• [Assigned task]:
Transcribe only the lines in the data below falling between the line with "315吨四柱液压机搭配机械手 315吨四柱液压机搭配机械手" and the line with "Used 2015 Chevrolet", including those two lines, and leave out any picture.

• [Data shown]:

● ● ● ● ● ● ●

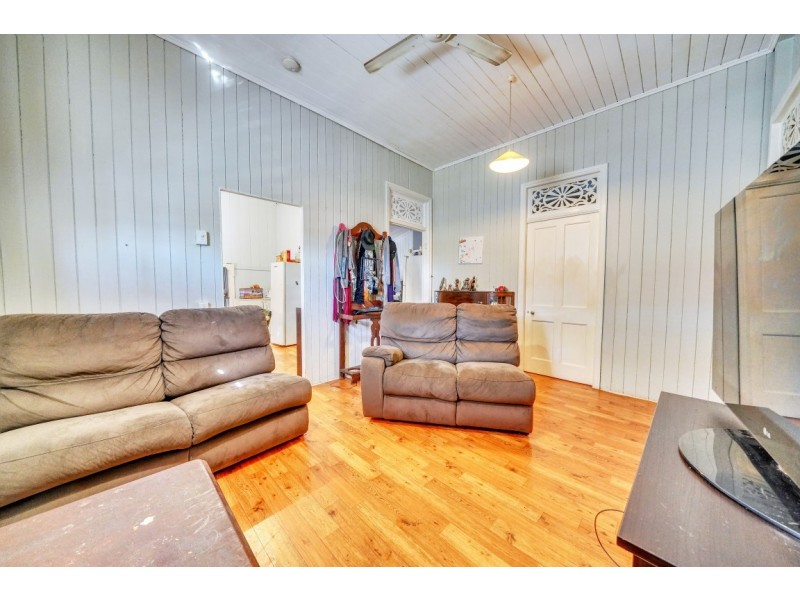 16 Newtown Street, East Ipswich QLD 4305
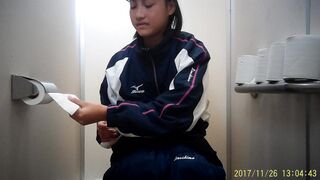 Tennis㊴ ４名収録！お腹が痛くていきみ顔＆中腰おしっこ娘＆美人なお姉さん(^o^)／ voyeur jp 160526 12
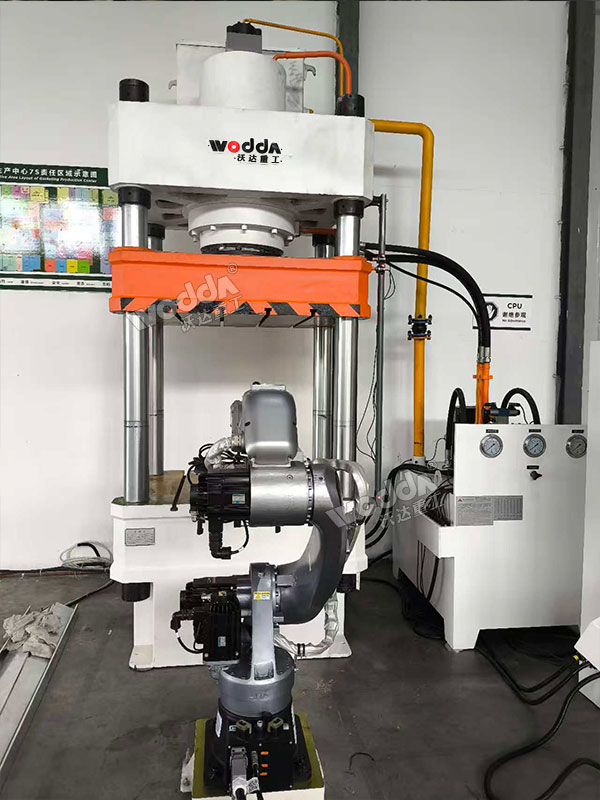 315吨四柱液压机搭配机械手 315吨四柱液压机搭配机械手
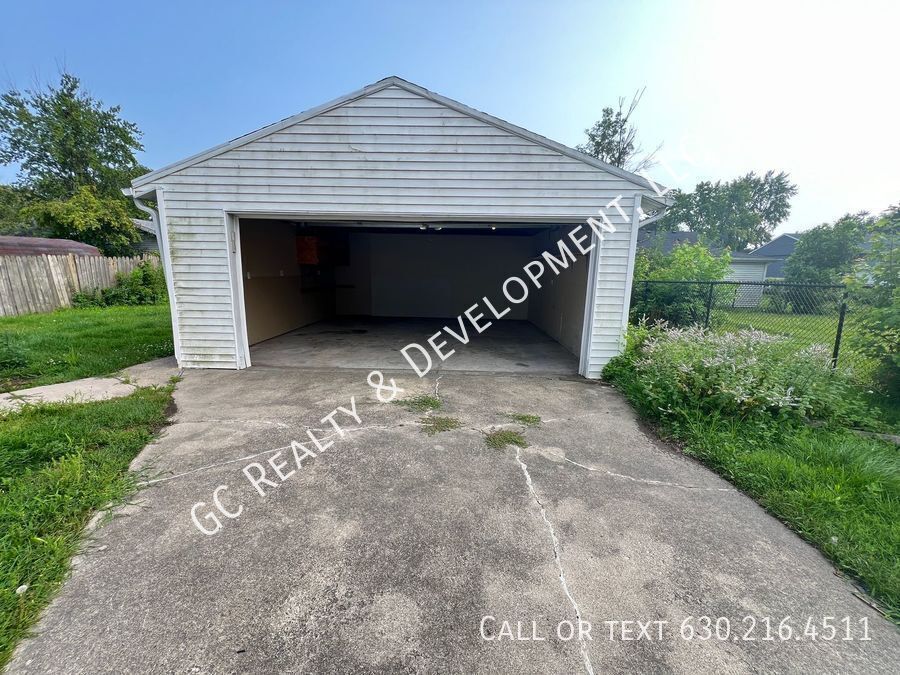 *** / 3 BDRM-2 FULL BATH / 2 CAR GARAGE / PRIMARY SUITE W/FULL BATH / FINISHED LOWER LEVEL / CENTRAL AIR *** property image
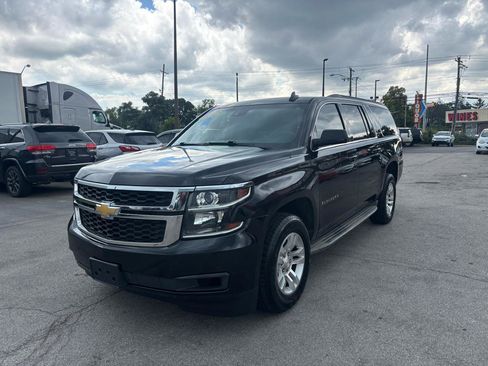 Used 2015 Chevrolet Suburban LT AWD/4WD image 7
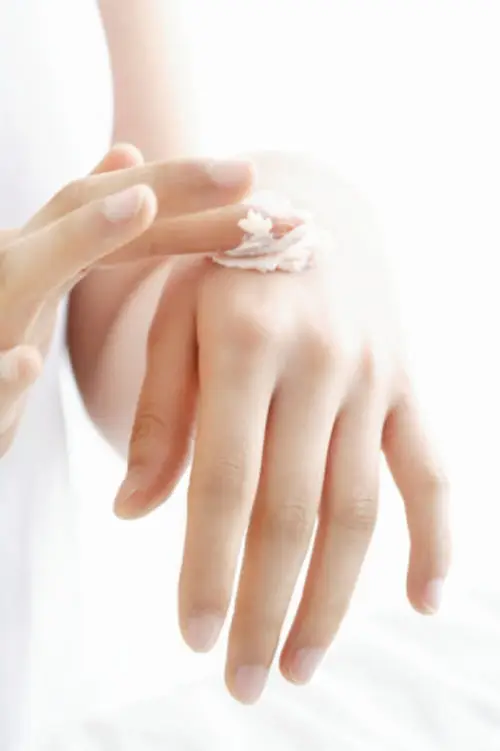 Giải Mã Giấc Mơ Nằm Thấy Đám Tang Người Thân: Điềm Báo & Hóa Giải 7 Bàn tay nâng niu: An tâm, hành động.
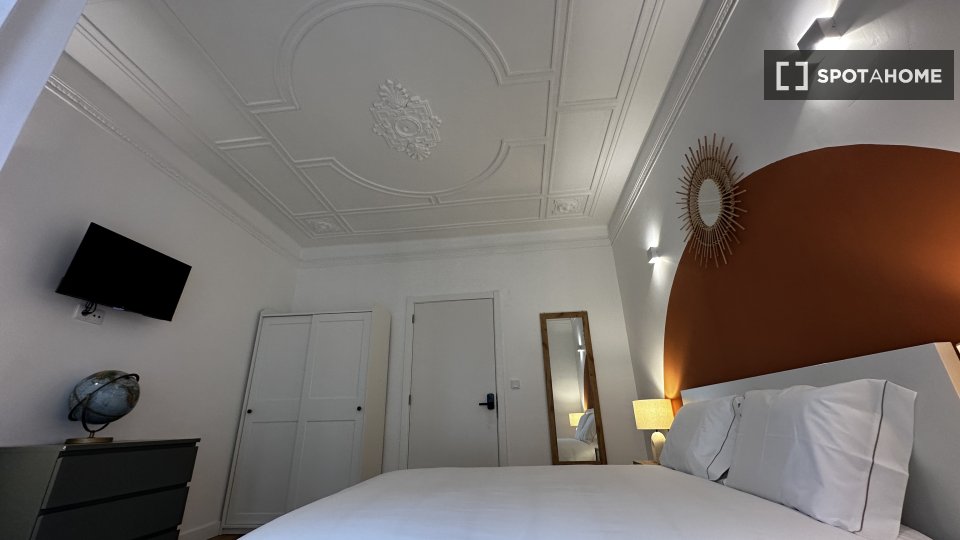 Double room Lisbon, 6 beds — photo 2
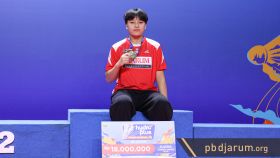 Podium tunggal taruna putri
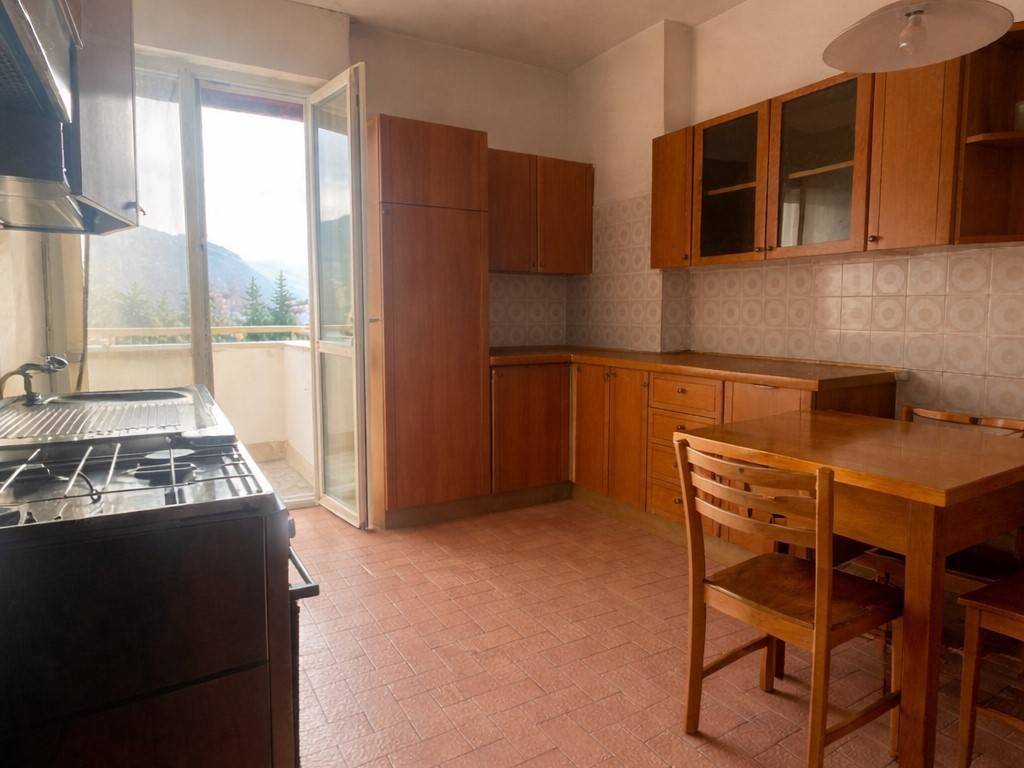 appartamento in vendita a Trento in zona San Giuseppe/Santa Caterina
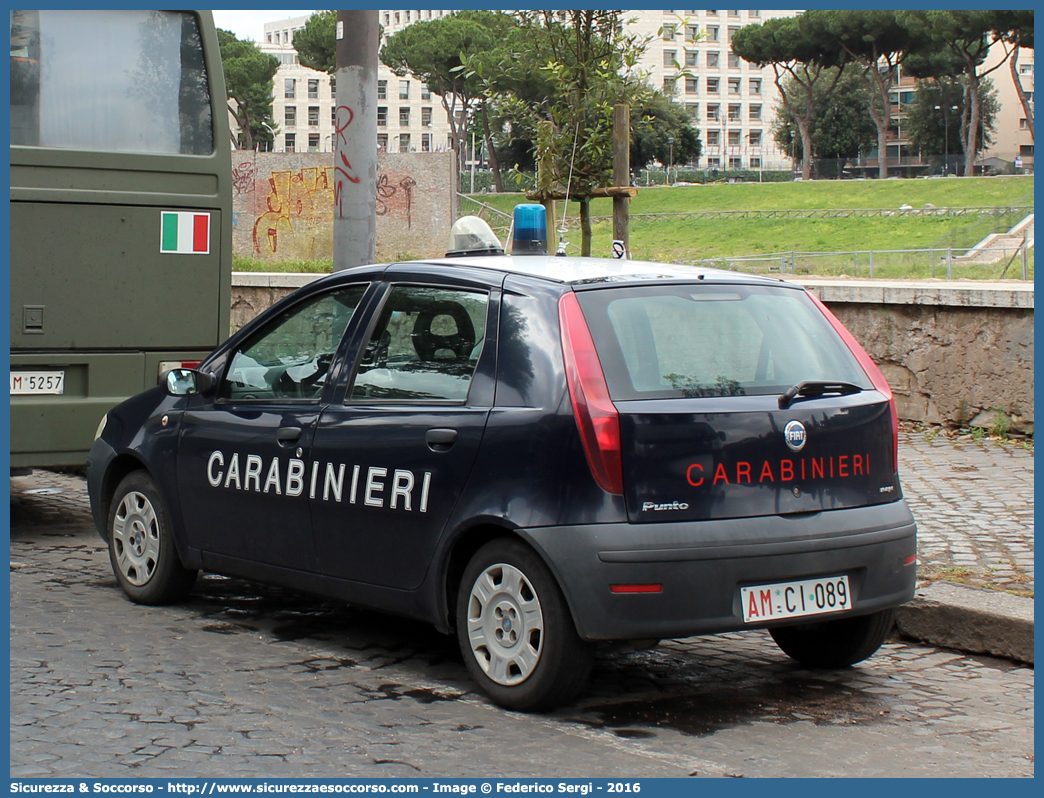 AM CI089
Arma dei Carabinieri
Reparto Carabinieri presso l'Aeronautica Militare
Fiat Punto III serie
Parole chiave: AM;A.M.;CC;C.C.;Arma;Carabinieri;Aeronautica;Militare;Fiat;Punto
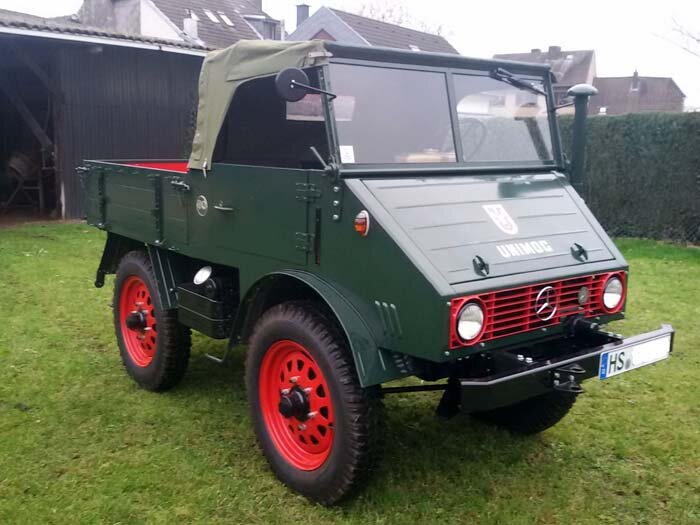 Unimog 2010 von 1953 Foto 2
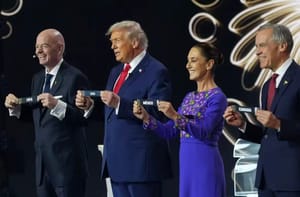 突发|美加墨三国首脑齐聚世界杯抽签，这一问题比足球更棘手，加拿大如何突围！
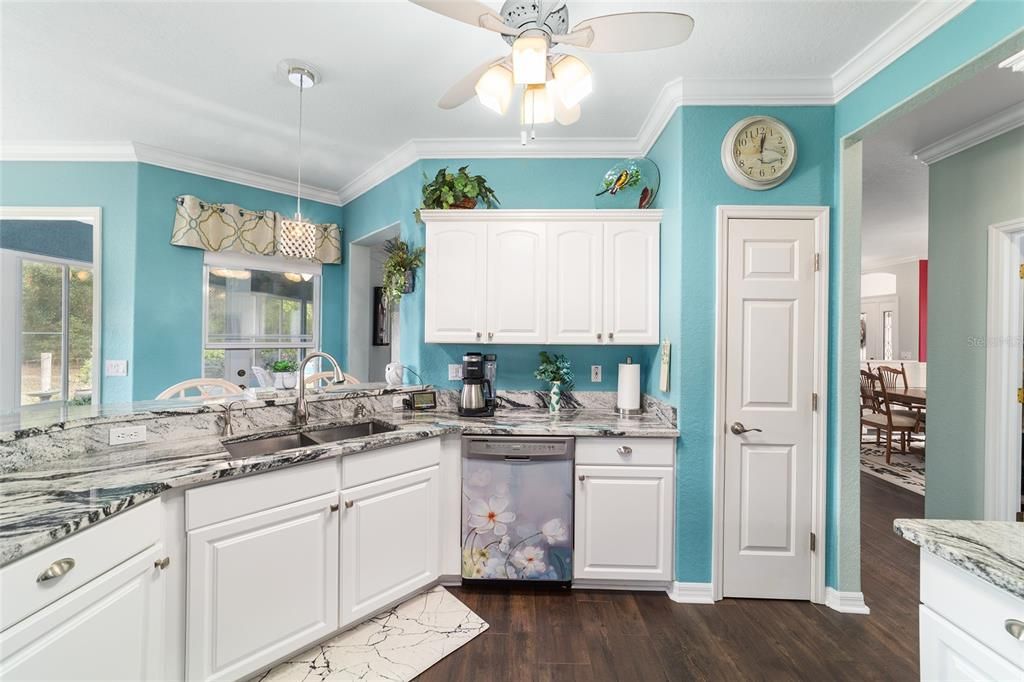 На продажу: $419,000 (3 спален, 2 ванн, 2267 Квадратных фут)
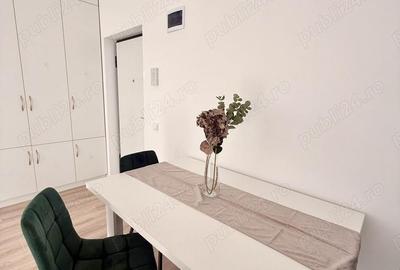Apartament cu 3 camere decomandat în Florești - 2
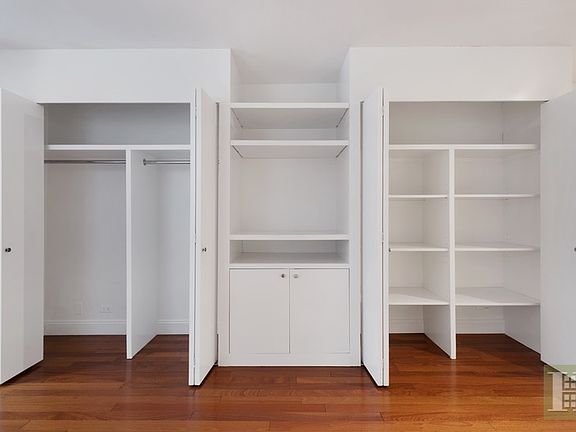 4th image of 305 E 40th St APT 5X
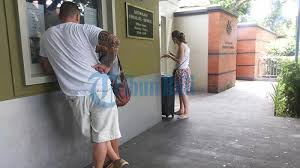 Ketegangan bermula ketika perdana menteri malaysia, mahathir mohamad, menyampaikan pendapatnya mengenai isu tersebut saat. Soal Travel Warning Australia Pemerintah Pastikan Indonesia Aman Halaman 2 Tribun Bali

● ● ● ● ● ● ●

• [Exercise output]:
 315吨四柱液压机搭配机械手 315吨四柱液压机搭配机械手
 *** / 3 BDRM-2 FULL BATH / 2 CAR GARAGE / PRIMARY SUITE W/FULL BATH / FINISHED LOWER LEVEL / CENTRAL AIR *** property image
 Used 2015 Chevrolet Suburban LT AWD/4WD image 7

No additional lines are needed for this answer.